Chef Parks claimed that the whole braided bread escapade started in India.

Then came my middle name:

A little background thanks to kamat.com:
"Sati (Su-thi, a.k.a. suttee) is the traditional Hindu practice of a widow immolating herself on her husband's funeral pyre." (Thanks, Dad..)

Sati means a virtuous woman. A woman who dies burning herself on her husbands funeral fire was considered most virtuous, and was believed to directly go to heaven, redeeming all the forefathers rotting in hell, by this "meritorious" act. The woman who committed Sati was worshipped as a Goddess, and temples were built in her memory."
(okay, maybe my Dad was just trying to be sweet in sort of an awkward way... Just like when he named my old dog Nanuck, but called him Nookie for short).

Anyway, as Chef Parks kneaded his butter bread, he continued to explain how the act of sati was replaced by the widow braiding her hair after the death of husband, chopping it off, and throwing it on to the burning funeral pyre.
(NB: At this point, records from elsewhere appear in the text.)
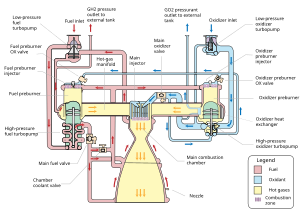 A diagram showing the components of an RS-25 engine. See adjacent text for details.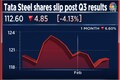 Tata Steel is top Nifty 50 loser after large tax expense leads to over Rs 2,500 crore loss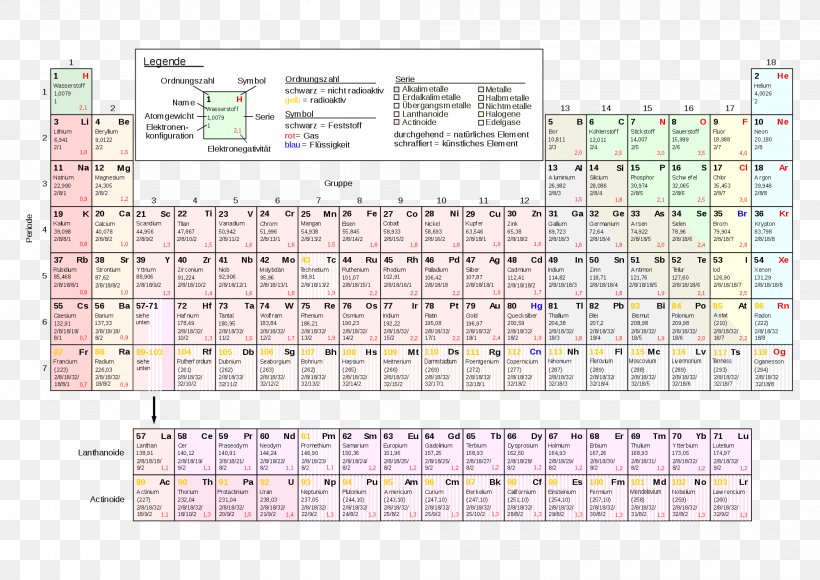 Periodic Table Tantalum Chemistry Symbol Ring, PNG, 2000x1415px, Periodic Table, Area, Atomic Theory, Chemistry, Diagram Download Free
The women was recognized as a widow by her short hair and was able to honor/mourn the death of her husband sufficiently. And more practically, I think, than throwing herself on to a funeral pyre. I'm sure I was distracted at some point during the Chef's explanation (I'm not always great at following long stories), but eventually folks decided to bake bread, braid it, and then burn that when some dude died. And then they figured out that was just silly and decided to eat the braided bread at funerals.

So I came home and attempted to do a little fact checking (this and to find the answer to his second challenge, which is the history of the bagel.. can you say stirrup?)

But this is what I found (challah and braided bread were the most easily connected, yet culturally problematic in terms of verifying Chef Parks' story).

"With that in mind, the Midrash relates that the braiding of the bread alludes to the way God adorned the hair of the first woman, Eve, before her wedding to Adam in the Garden of Eden."

So I guess this is like playing cross cultural telephone (one explanation may have come before the other, but they probably started out with the same basic idea, and ended up with an entirely different result).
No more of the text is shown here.